One of the best ways to recycle old clothing is to make rag rugs out of your worn-out clothes. Traditionally cloth strips are used as the weft, or cross-wise filler, in the rug, and a strong cotton yarn is used as the warp or length-wise thread. Almost any kind of old clothing will work as rag rug weft, but you may not be able to use every single piece, such as pockets and collars, which are too small to use as strips.
Things You'll Need
Sharp scissors or rotary cutter
Cutting mat (if using rotary cutter)
Make sure you already have a warp for rag rugs beamed, threaded and sleyed through the reed on your loom. Assemble the clothes you are planning to use as weft. There may be different weights of fabric in your collection, such as denim jeans, cotton shirts and maybe jackets. These will all have to be cut differently.
Choose the lightest fabrics first, the ones that are thin and easy to cut. Take your scissors and cut the clothing apart at the seams first. Cut away any flat-felled seams or seam allowances. Each piece of clothing should be disassembled. You can leave sleeves assembled into a tube; however, for cutting in a different way. Take the pockets, collars and button bands off the shirts and discard.
Take one large piece of fabric, for example the back of a shirt and cut one strip 1 inch wide lengthwise. Now roll that strip into a tight "cigar." If it is about the width of a pencil, then that's a good width for rag rug weft. Continue to cut strips of fabric from the clothing that is the width you need for a pencil-width bundle.

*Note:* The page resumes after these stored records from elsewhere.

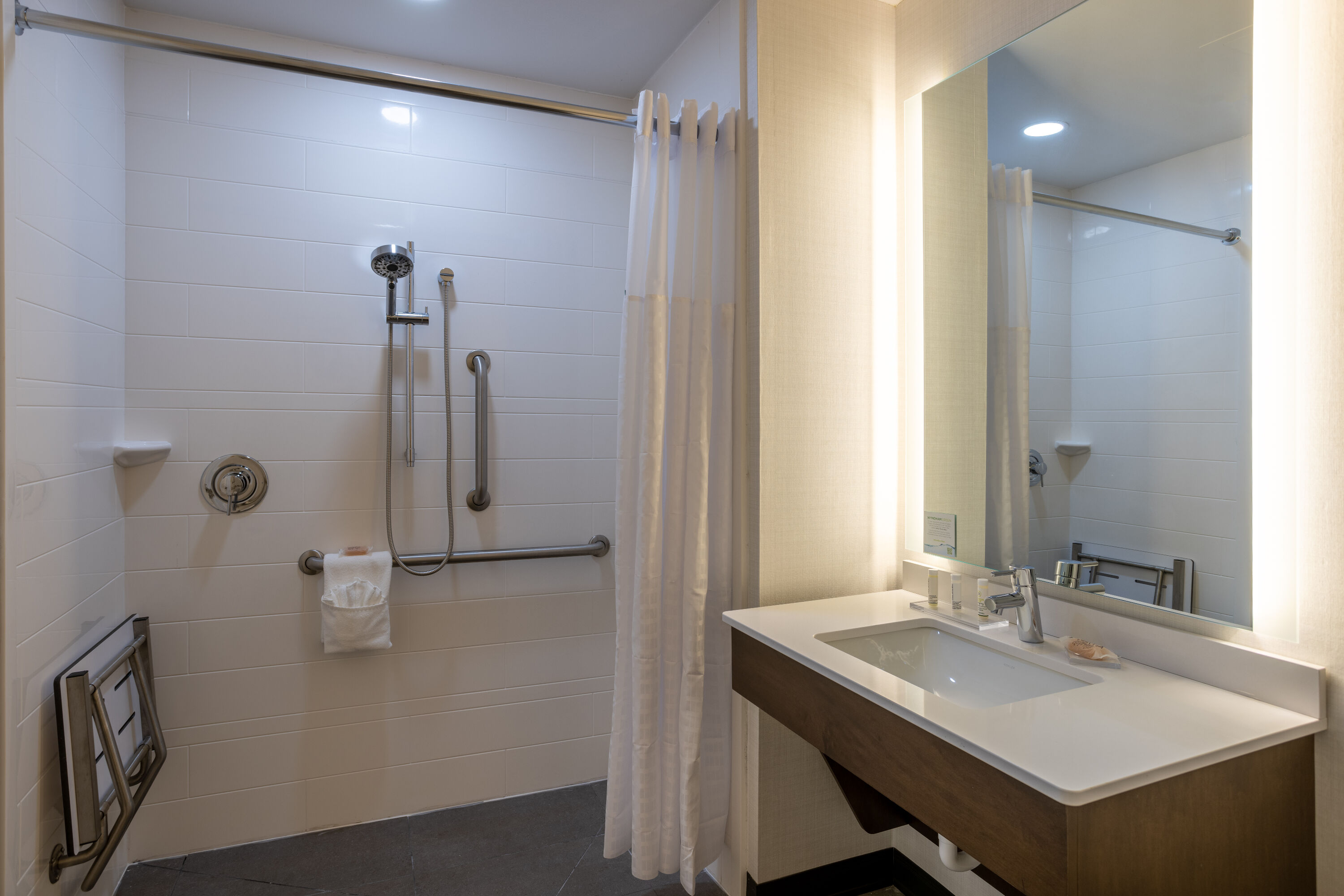 Guest room at the Wingate by Wyndham Vineland/Millville in Vineland, New Jersey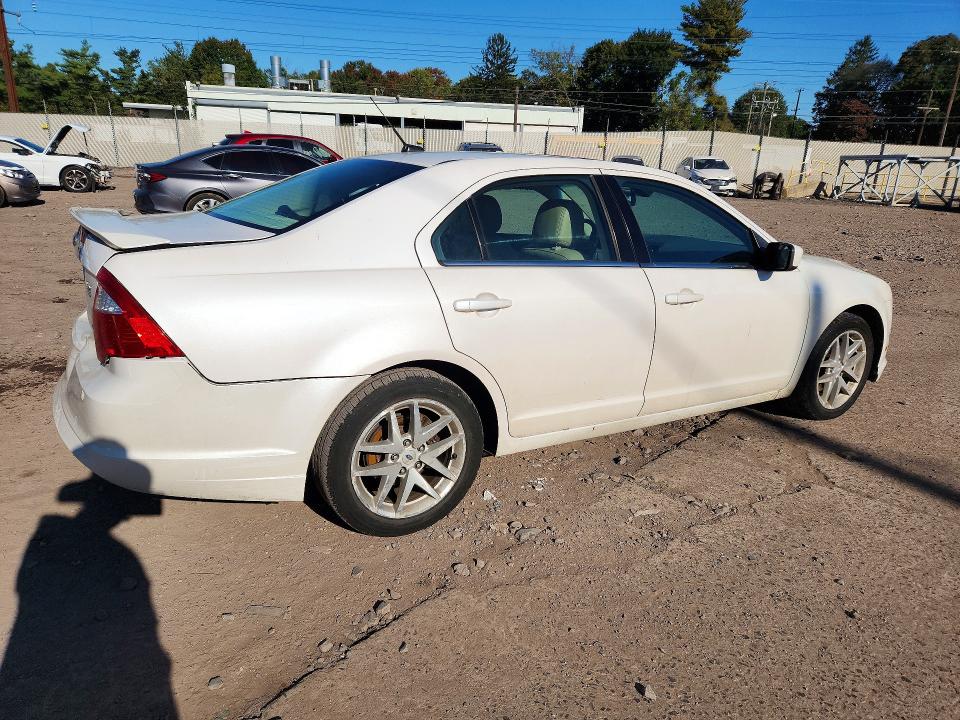 Photo 3 from auction – 2012 FORD FUSION with VIN 3FAHP0CG6CR359144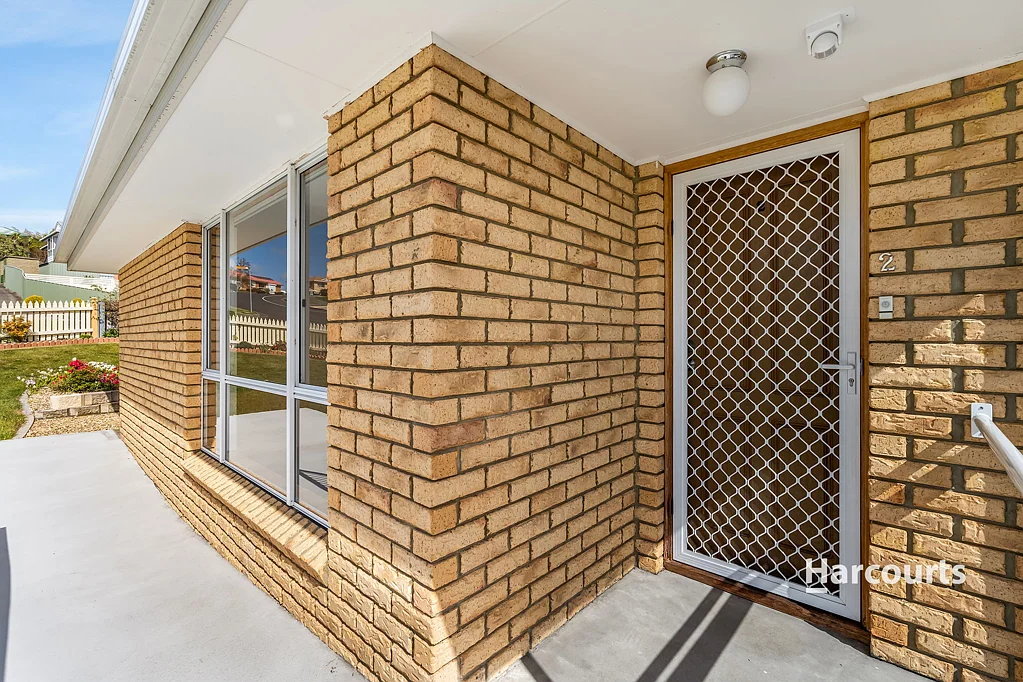 2/93 Branscombe Road, Claremont, TAS 7011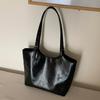 Bags, niche tote bags, large-capacity women's new models, women's commuter bags, versatile shoulder bags, women's bags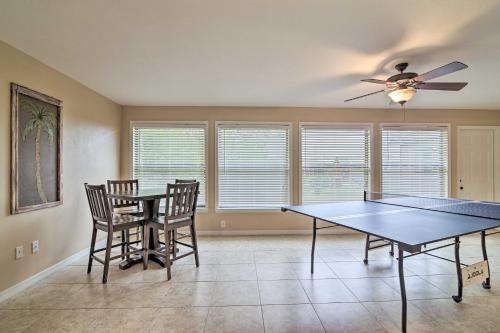 Lovely Lakeland Home Less Than 2 Mi to FSC and Lake! in Lakeland, USA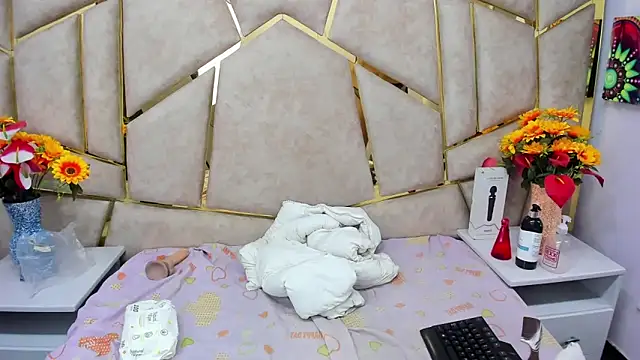 Kloe Candy1 online show from October 26, 5:46 am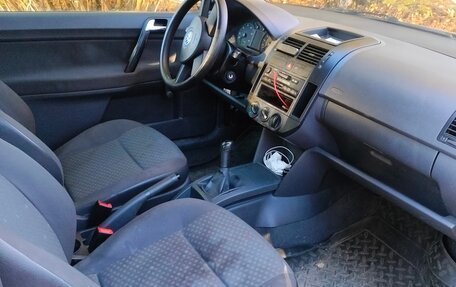 Volkswagen Polo IV рестайлинг, 2002 год, 140 000 рублей, 5 фотография
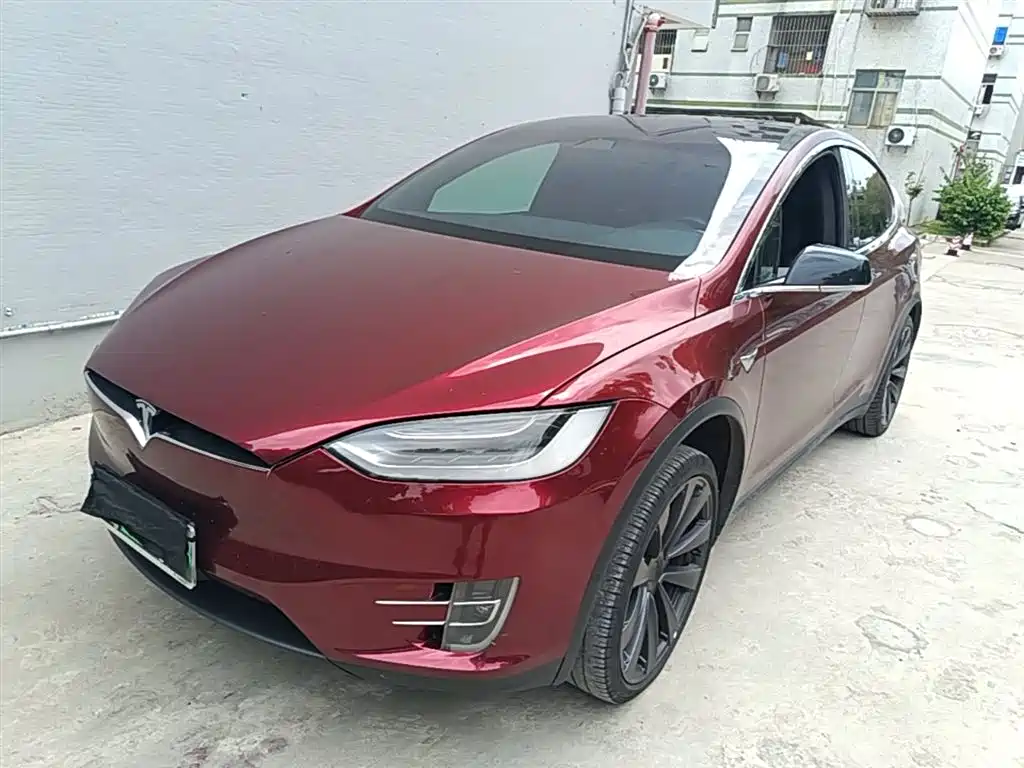 Tesla Model X 2020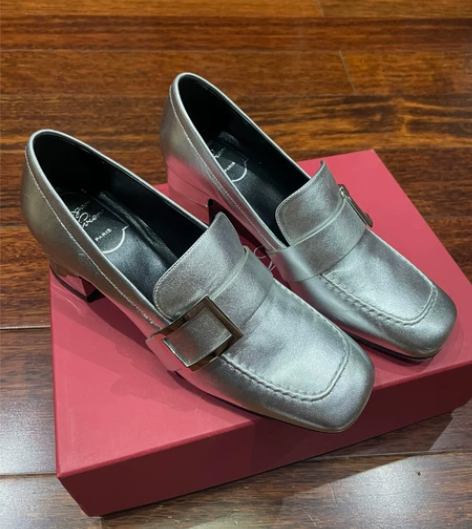 Roger Vivier 方跟 方头 高跟...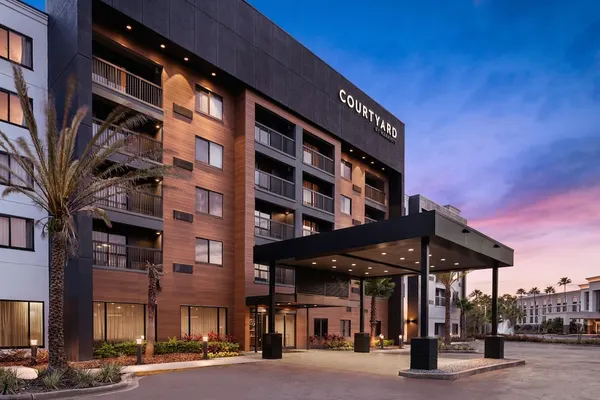 Photo 1 - Courtyard by Marriott Jacksonville Butler Boulevard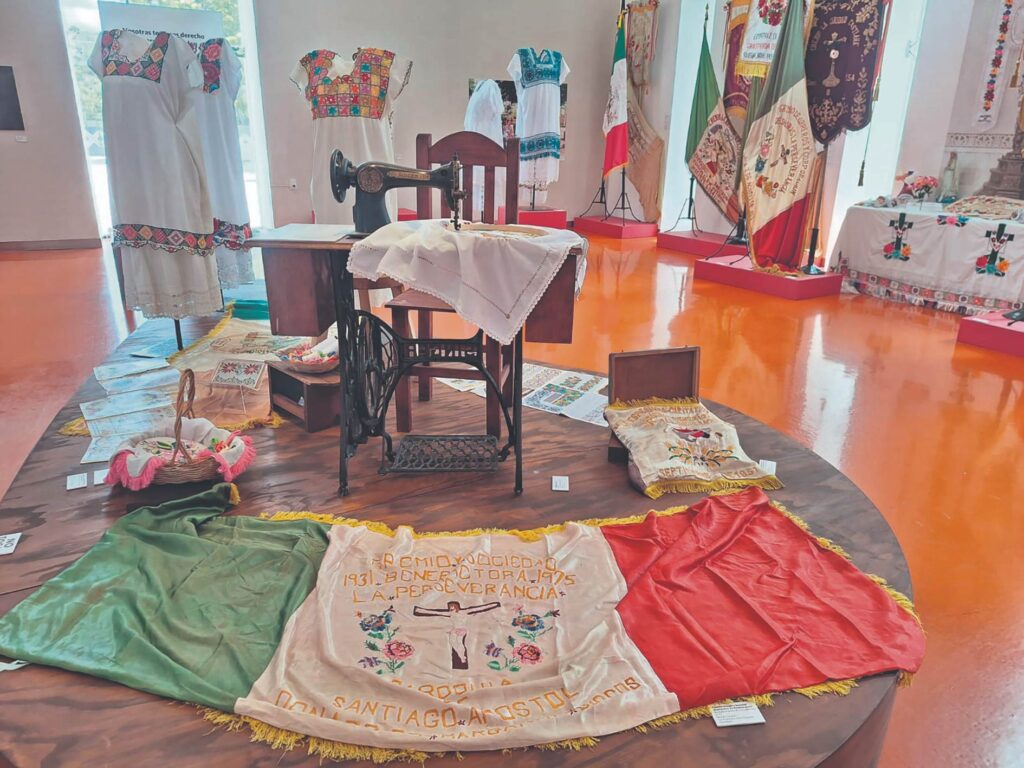 Manual de Rescate del Bordado Maya impulsa la salvaguarda y profesionalización del arte textil tradicional en Yucatán y todo México.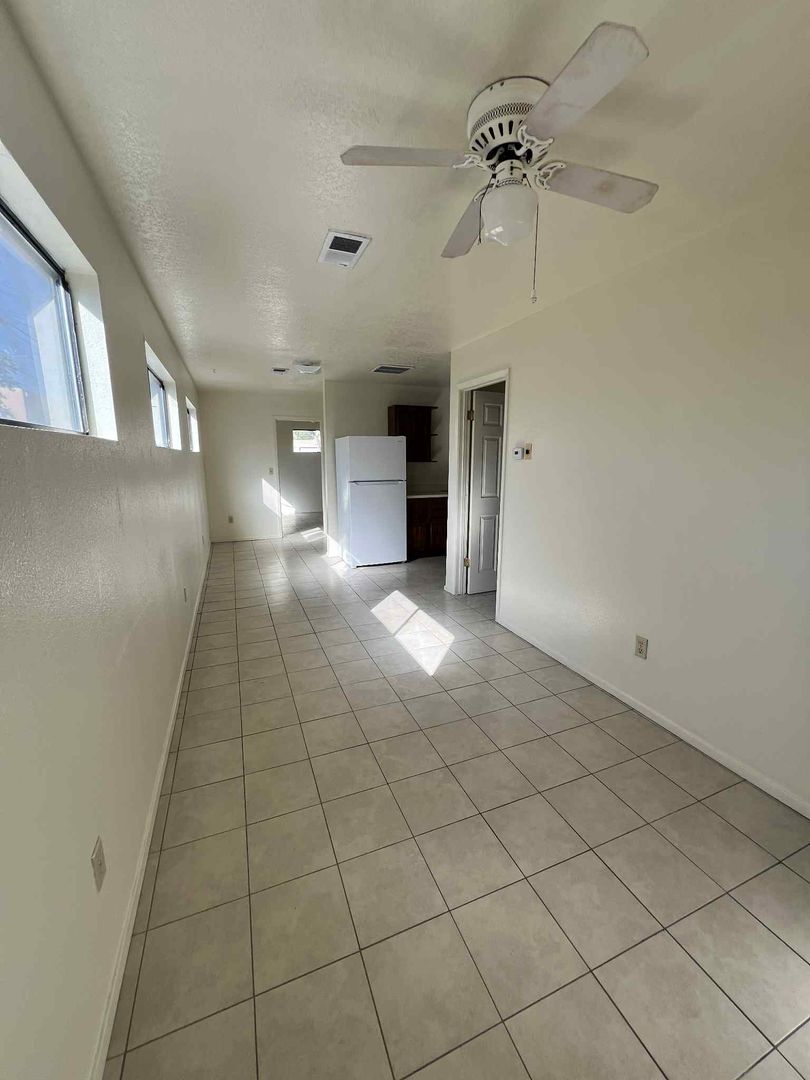 Albuquerque Apartment: 307 Columbia Dr. SE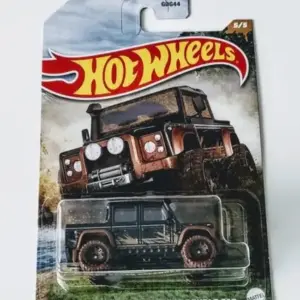 Hot Wheels 2022 Off-Road Mud Runners 5 of 5 - 2015 Toyota Land Rover Defender Double Cab HDH11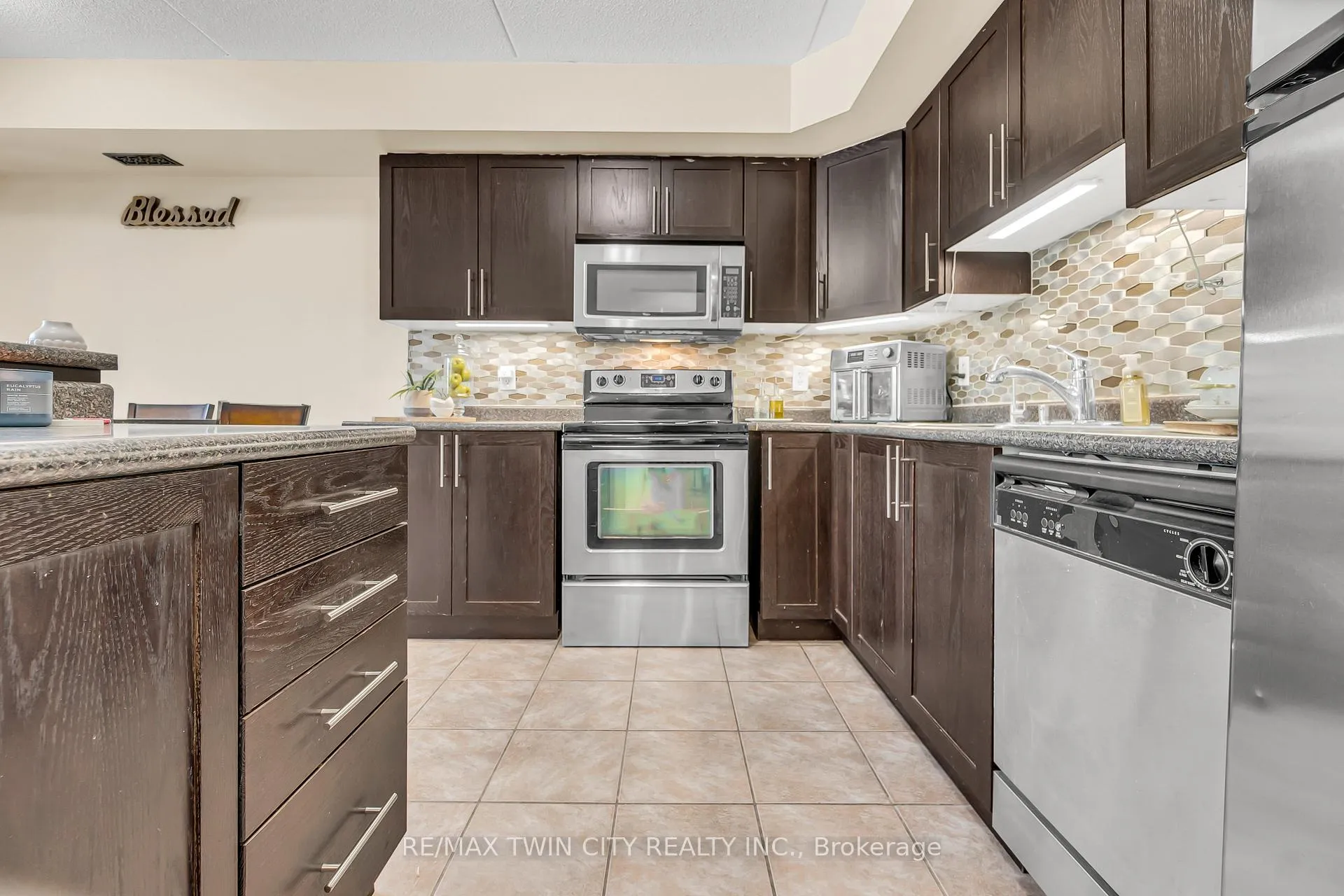 Photo 13 of Unit 12, 950 Highland Road W, Kitchener, Highland West — HOMEH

Cut the strips lengthwise, as crosswise strips fray more easily. Continue to cut up the shirt in this manner. Cut the sleeves in one long spiral that is the same width as the other strips. Insert a few of these strips into the warp shed on the loom to check to see if you think they look good when beaten in.
Assemble the heavier-weight clothing such as jeans and jackets. These will need to be cut into narrower widths as the fabric itself is heavier. Try 1/2 inch strips first, again cutting lengthwise. Roll into a cigar and see if it looks like a pencil. If so, insert into the shed on the loom to test. If it looks good, continue to cut into smaller strips. Jeans can also be cut in the spiral method to avoid having to take the pieces apart into flat pieces.
Sew the strips of like-weight fabric together into one long strip if desired, to make weaving go faster. This can be done on the machine or by hand. Overlap the ends by one inch, fold the overlap in half lengthwise, and stitch. It is not necessary to cut the thread each time you stitch 2 ends together. Continue overlapping, folding and stitching. Cut the threads when you are ready to wind the long strip onto the rag shuttle. Cutting pant legs and sleeves in a spiral means that you have less of this joining to do.
You can use just about any old clothes in rag rugs, including tee shirts and other knits. Old bath towels and sheets are also useful weft. Scandinavian weavers like to weave with bias strips as they are more elastic and fray less. You can make a long strip of bias tape for weaving by cutting the fabric on the bias and then sewing the bias strips together.
Don't mix fibers in one rug: use all wool or all cotton in each rug, but not both in the same rug.